Komorowski builds strong lead ahead of Polish presidential election

By bne IntelliNews February 4, 2015

Jan Cienski in Warsaw -

 

Poland’s presidential elections will take place on May 10, Radek Sikorski, the country’s parliamentary speaker, decreed on Wednesday, causing an immediate outcry from opposition parties who complained that the date favours incumbent Bronislaw Komorowski.

The ex-communist Democratic Left Alliance, whose candidate, the untried Magdalena Ogorek, is polling in the single digits, grumbled that Komorowski will get an edge because of the glare of publicity from presiding over Poland’s May 3 constitution day. Komorowski is also inviting world leaders to Gdansk on May 8 to celebrate the 70th anniversary of the end of the second world war, an event that competes with an event in Moscow a day later.

The right-wing Law and Justice party, the largest opposition force, was also upset. “I seems that the date was set in accordance with Bronislaw Komorowski’s calendar,” Mariusz Blaszczak, a senior party leader, told Poland’s TVN24 television. “The goal is to give the sitting president a better chance at a good outcome.”

The problem for the opposition is that Komorowski does not need much of a helping hand.

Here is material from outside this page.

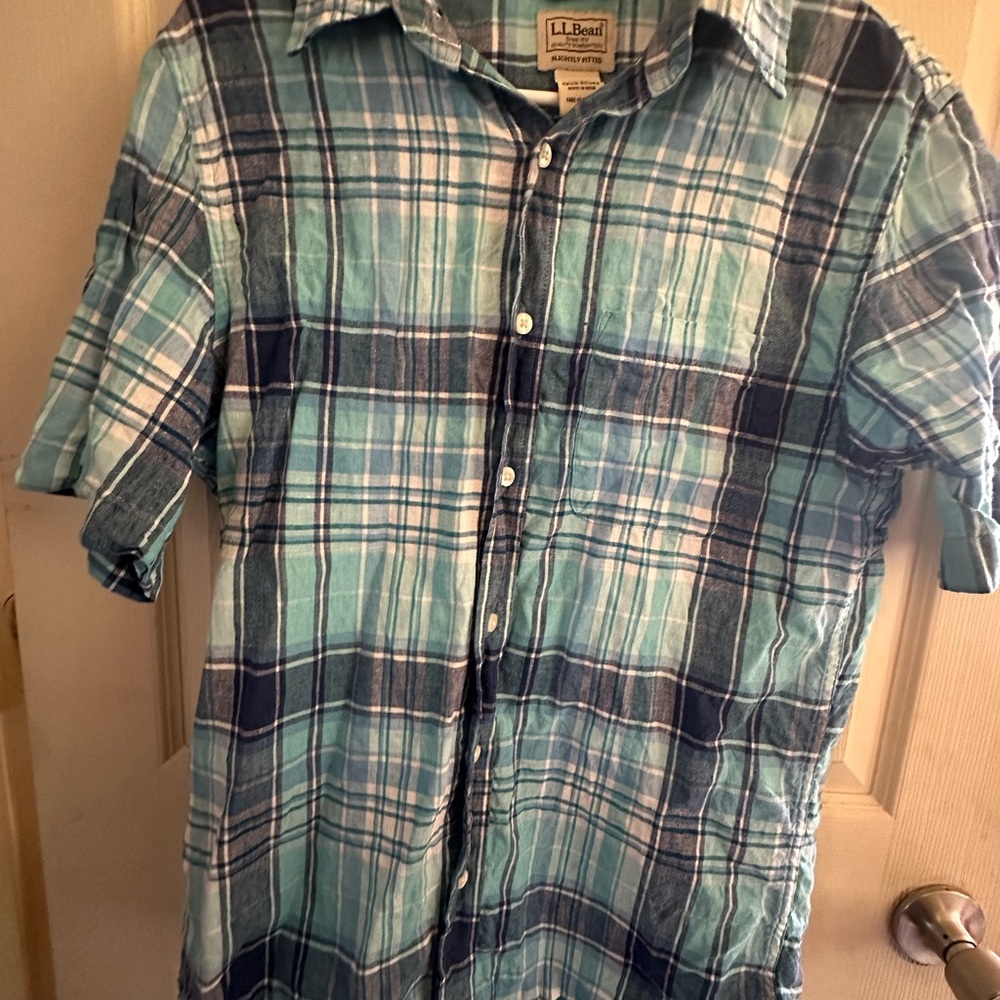 L.L. Bean Men's Blue Plaid Shirt EUC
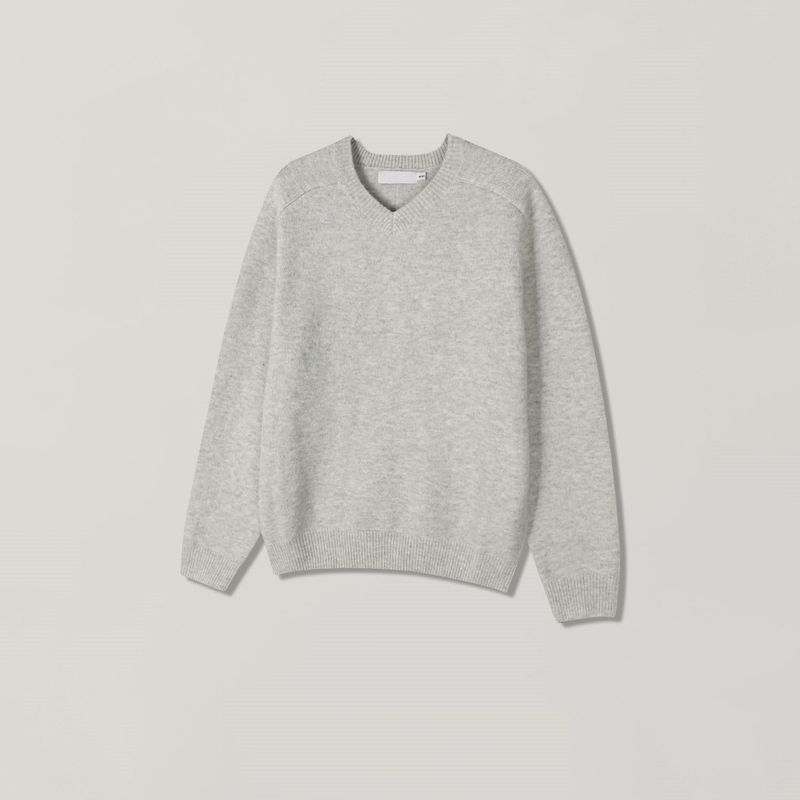 Settle line v-neck knitwear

Opinion polls shows Komorowski far ahead of his rivals, with some surveys indicating that he could get the 50% of votes needed to win in the first round. If no candidate wins an outright majority on May 10, a second round takes place on May 24.

Komorowski, 62, who hails from the same centrist Civic Platform party as Sikorski and Prime Minister Ewa Kopacz, is an avuncular former anti-communist activist with aristocratic roots. His homespun humour and low-key approach to Poland's often fevered politics has made him enormously popular. A new poll by the Adriana organisation finds Komorowski is in a different league than any of his rivals when it comes to how voters assess his likeability, trustworthiness, patriotism, being trusted with the perilous issue of war in Ukraine,  competence and a host of other characteristics.

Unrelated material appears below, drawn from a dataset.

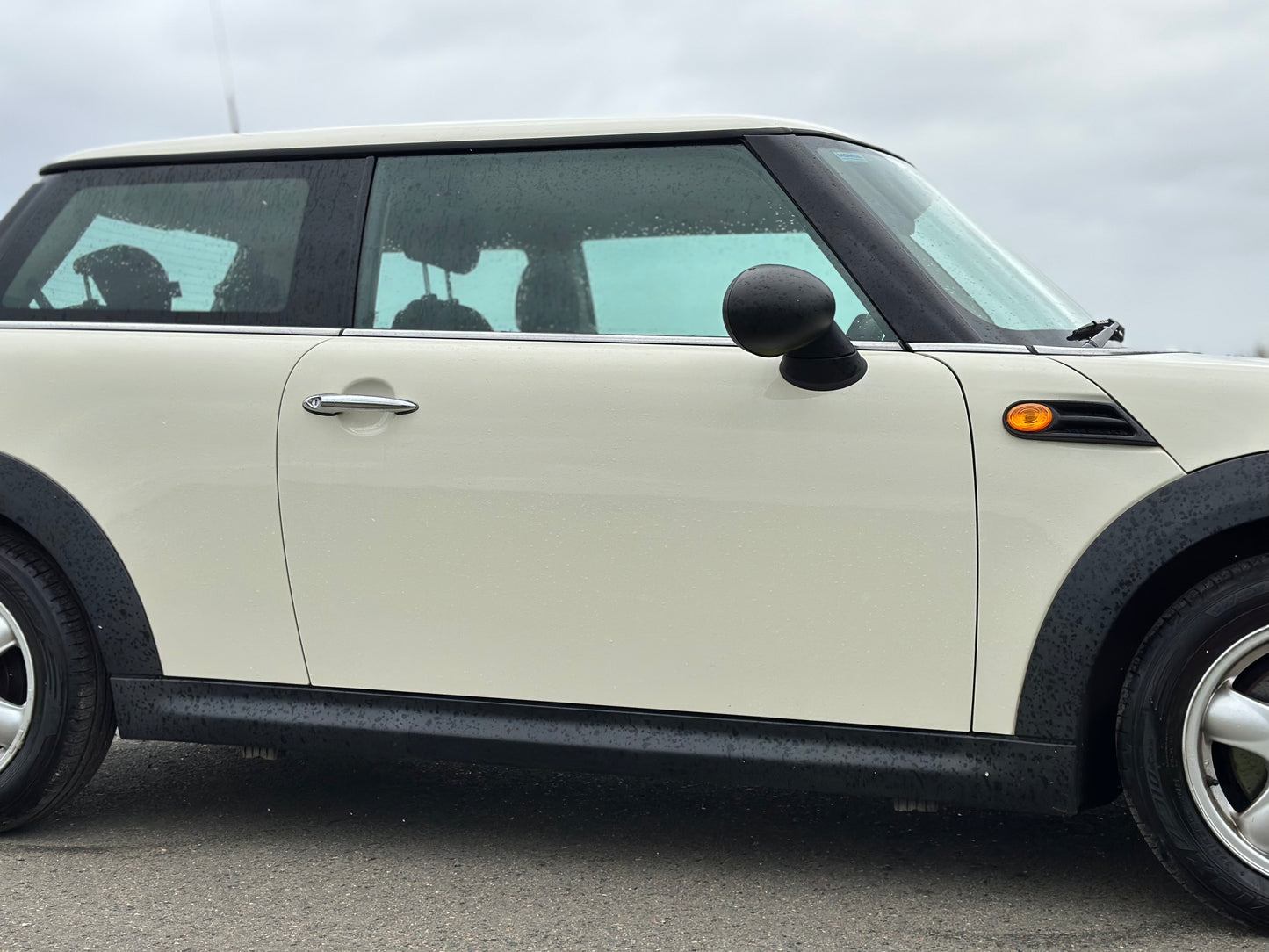 MINI HATCHBACK 1.6 One 3dr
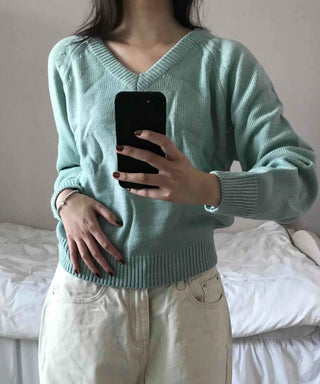 Soft Cable V-Neck Drop Shoulder Crop Knit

With Donald Tusk’s recent departure for Brussels, where he is now the President of the European Council, Komorowski has become the country’s dominant politician. His edge is so overwhelming that the opposition has decided to choose little-known candidates to run against him, instead of setting up party leaders for an almost-certain defeat.

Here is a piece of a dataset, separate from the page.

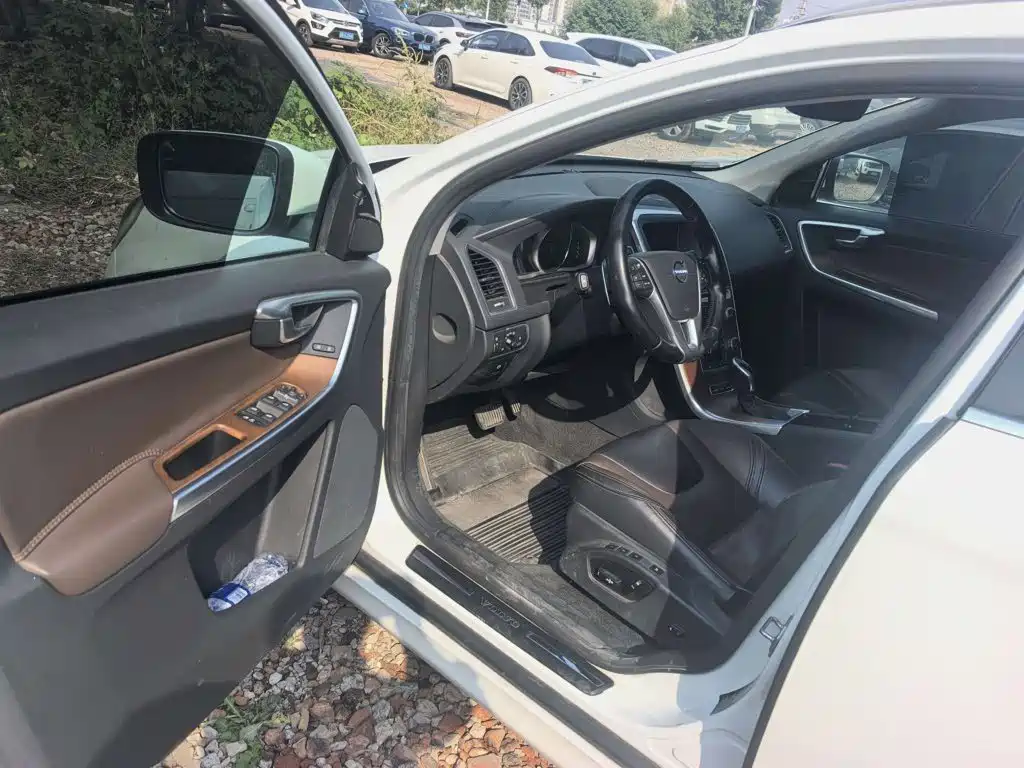 Volvo XC60 — миниатюра 14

That is why Ogorek, who has a remarkably thin resume but is so attractive that she has become an international talking point, is her party’s candidate instead of the grizzled 68-year-old leader, Leszek Miller.

Law and Justice also decided against running the party’s founder and leader, Jaroslaw Kaczynski, 65, and instead chose the relatively unknown Andrzej Duda, who happens to share a last name (if not a blood relationship) with the much better known Piotr Duda, the charismatic leader of the Solidarity labour union who has become one of Kopacz’s leading foes. Andrzej Duda, 42, has the support of less than a fifth of voters in most polls.

Both Miller and Kaczynski have touted their party’s presidential candidates as a chance for a new generation of politicians to take a stab at the country’s top job. But the overwhelming likelihood is that Komorowski will again be elected Poland’s president for a second and final five-year term.